The iron ore price is imploding.
Following the ugly lead provided by Chinese futures on Monday, the spot iron ore price followed suit, suffering one of the largest declines seen in years.
According to Metal Bulletin, the spot price for benchmark 62% fines fell by 6.69%, or $3.67, to $51.22 a tonne, leaving it down 27.3% from the multi-year peak of $70.46 a tonne struck on April 21.
The decline was the third-largest in percentage terms in the past two years, and left the price at the lowest level seen since March 3 this year.

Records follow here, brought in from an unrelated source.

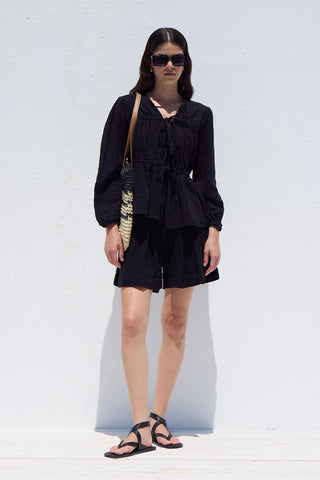 Bağcıklı Muslin Bluz Siyah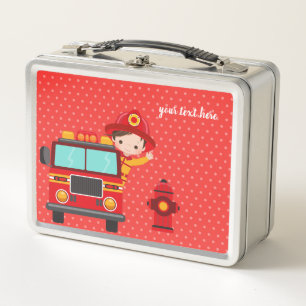 Niedlicher Firefighter * Wählen Sie Ihre Hintergru Metall Lunch Box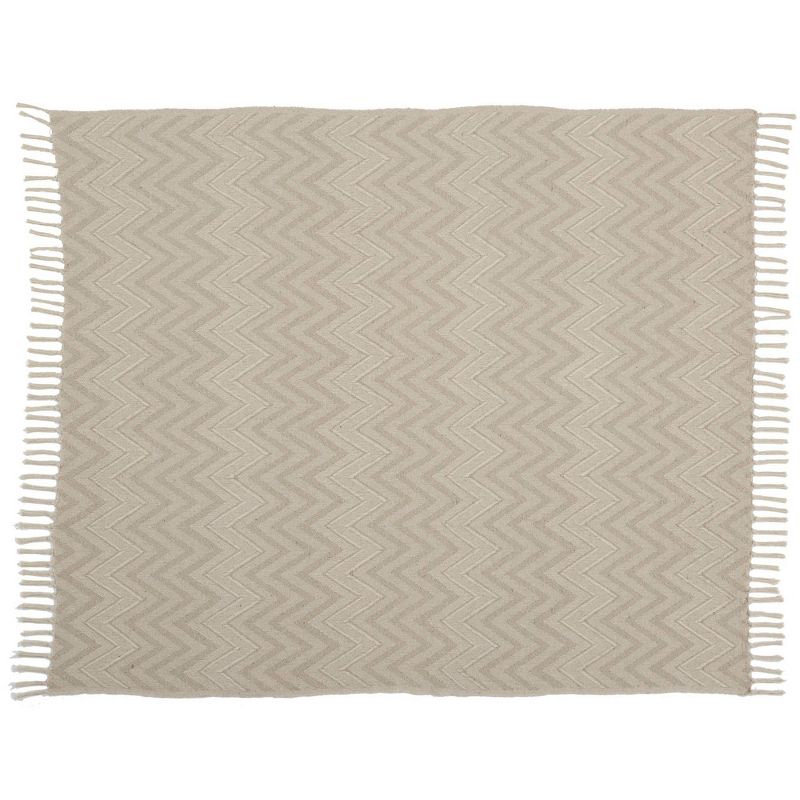 50"x60" Knit Chevron Throw Blanket Natural - Nourison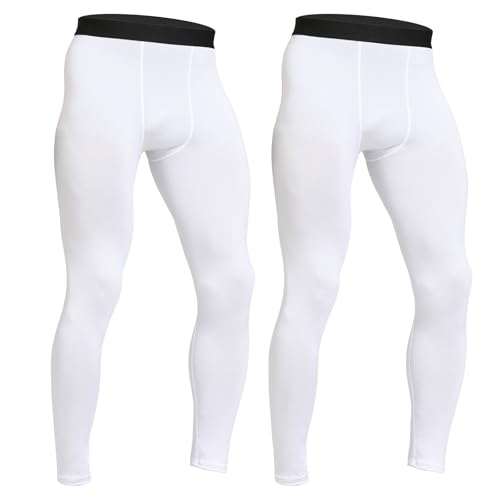HYCOPROT 2er Pack Kompressionshose Herren Schnelltrocknende Laufhose Sport Leggings Atmungsaktiv Funktionsunterhose Tight Hose für Basketball Fitness Joggen (Weiß, L) von HYCOPROT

The losses in physical and futures markets followed news that Chinese iron ore port inventories swelled to over 100 million tonnes last week, leaving them at the highest level seen since March last year.
That followed the revelation that Chinese crude steel output contracted in April after hitting a record high in March, declining marginally according to figures released by the China Iron and Steel Association (CISA).
Given the increasing correlated relationship between the two, it’s also clear that an unwind of speculative positioning in Chinese iron ore futures is also impacting prices in the physical iron ore market.
After watching prices in many bulk commodity futures rally more than 50% in less than two months, regulators at both the Dalian Commodities Exchange and Shanghai Futures Exchange introduced measures in recent weeks to discourage excessive levels of speculation in these markets.
At face value, it appears this has been a success.
Suggesting that the unwind in the spot iron ore price may continue on Tuesday, Chinese iron ore futures were hammered again in overnight trade, closing the session at 349 yuan, representing a decline of 2.79%.
Should the relationship between futures and physical markets hold true, it indicates that the spot price could give the $50 a tonne level a test if the losses in futures markets are maintained or built upon on Tuesday.
Trade in Chinese commodity futures will resume at 11am AEST.